The council’s regulations would apply to any chain restaurant with at least 100 location in the United States. It will also cap minimum wages at $22 an hour in 2023.


“Today’s action gives hardworking fast-food workers a stronger voice and seat at the table to set fair wages and critical health and safety standards across the industry,” Newsom said in a press release. “I’m proud to sign this legislation on Labor Day when we pay tribute to the workers who keep our state running as we build a stronger, more inclusive economy for all Californians.”


The law, introduced by Assemblyman Chris Holden, D-Pasadena, was propelled by a union movement to increase pay. Fast food workers held demonstrations and walkouts to advocate for the bill over the summer.


“Today, fast food workers earned a voice at the table — across from massive corporations —to help improve their lives & workplaces. Thank you Gavin Newsom for signing AB 257 which will create the first fast food council in the country. All our essential workers deserve more!” California Labor Federation President Lorena Gonzalez wrote on Twitter.

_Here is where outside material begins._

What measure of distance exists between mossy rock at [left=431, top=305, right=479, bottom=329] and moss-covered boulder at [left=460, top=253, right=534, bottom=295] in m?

The labor organization Service Employees International Union has worked for more than a decade to organize in fast food restaurants, including leading campaigns to raise the state’s minimum wage. SEIU advocated for the new fast food bill, too, and celebrated Newsom signing the law.


“If you see me crying today it’s (because) I’m completely filled with joy. 550k+ fast food workers finally got their seat at the table to set their working conditions,” SEIU California Executive Director Tia Orr wrote on Twitter.


Fast food companies and owners of franchises, as well as the California Restaurant Association and the International Franchise Association opposed the law. They argue that California already has strict labor laws and their industry complies with them. They also contend the bill will raise costs for consumers.


International Franchise Association President Matthew Haller in a written statement said many fast food franchise owners are unsure how they’ll keep up with expenses after the labor council takes effect.


“By signing this bill, Gov. Newsom is siding with special interests rather than the people and small businesses of California,” International Franchise Association President and CEO Matthew Haller said in a written statement. “This bill has been built on a lie, and now small business owners, their employees, and their customers will have to pay the price. This bill is a fork in the eye to franchise owners and customers at a time when it hurts most.”